Zaborska, Karolina E; Jordan, Kelli L; Thorson, Ariel S; Dadi, Prasanna K; Schaub, Charles M; Nakhe, Arya Y; Dickerson, Matthew T; Lynch, Joshua C; Weiss, Adam J; Dobson, Jordyn R; Jacobson, David A.
Affiliation
  • Zaborska KE; Department of Molecular Physiology and Biophysics, Vanderbilt University, Nashville, Tennessee.
  • Jordan KL; Department of Molecular Physiology and Biophysics, Vanderbilt University, Nashville, Tennessee.
  • Thorson AS; Department of Molecular Physiology and Biophysics, Vanderbilt University, Nashville, Tennessee.
  • Dadi PK; Department of Molecular Physiology and Biophysics, Vanderbilt University, Nashville, Tennessee.

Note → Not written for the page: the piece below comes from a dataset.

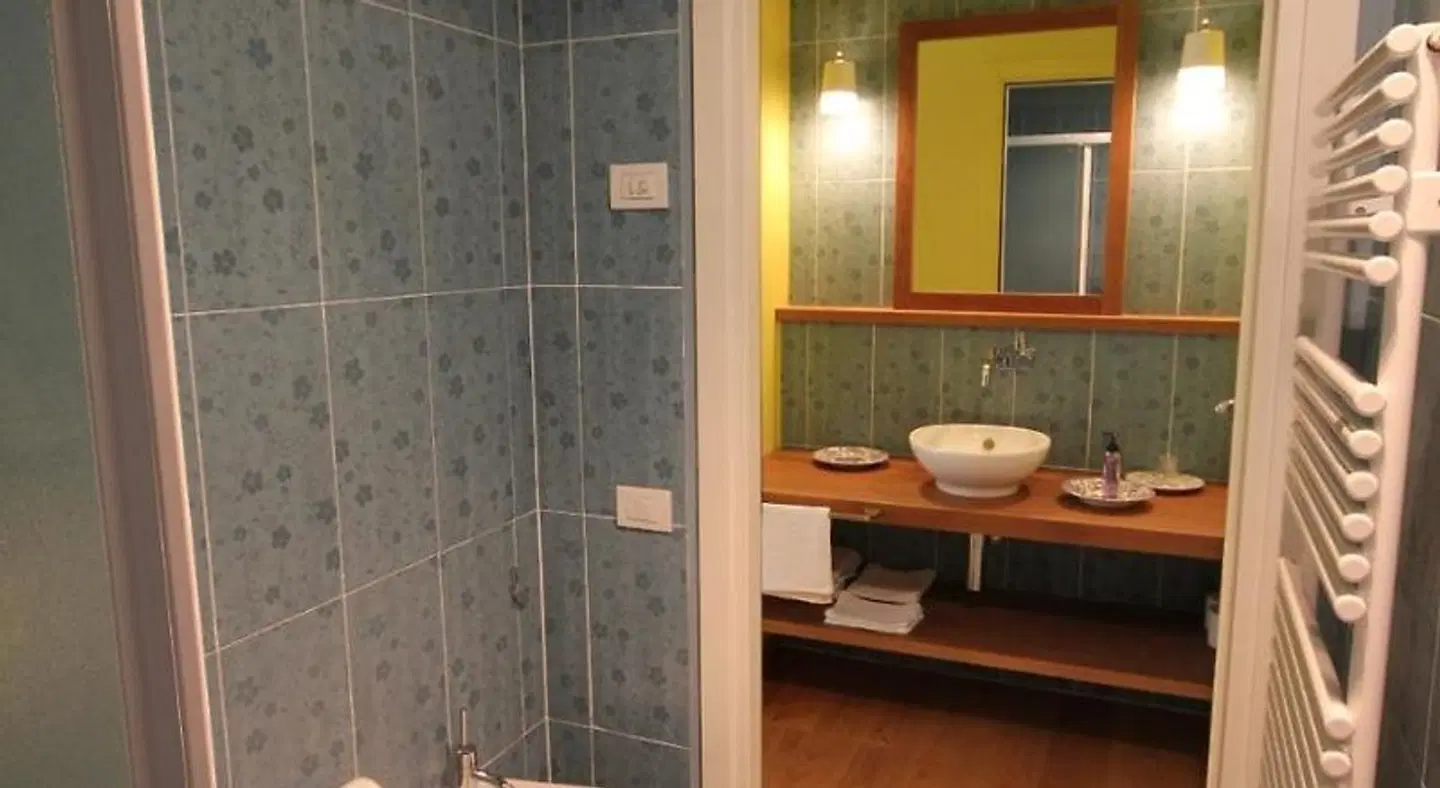Agriturismo Tetto Garrone Badezimmer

  • Schaub CM; Department of Molecular Physiology and Biophysics, Vanderbilt University, Nashville, Tennessee.
  • Nakhe AY; Department of Molecular Physiology and Biophysics, Vanderbilt University, Nashville, Tennessee.
  • Dickerson MT; Department of Molecular Physiology and Biophysics, Vanderbilt University, Nashville, Tennessee.
  • Lynch JC; Department of Molecular Physiology and Biophysics, Vanderbilt University, Nashville, Tennessee.
  • Weiss AJ; Department of Molecular Physiology and Biophysics, Vanderbilt University, Nashville, Tennessee.
  • Dobson JR; Department of Molecular Physiology and Biophysics, Vanderbilt University, Nashville, Tennessee.
  • Jacobson DA; Department of Molecular Physiology and Biophysics, Vanderbilt University, Nashville, Tennessee.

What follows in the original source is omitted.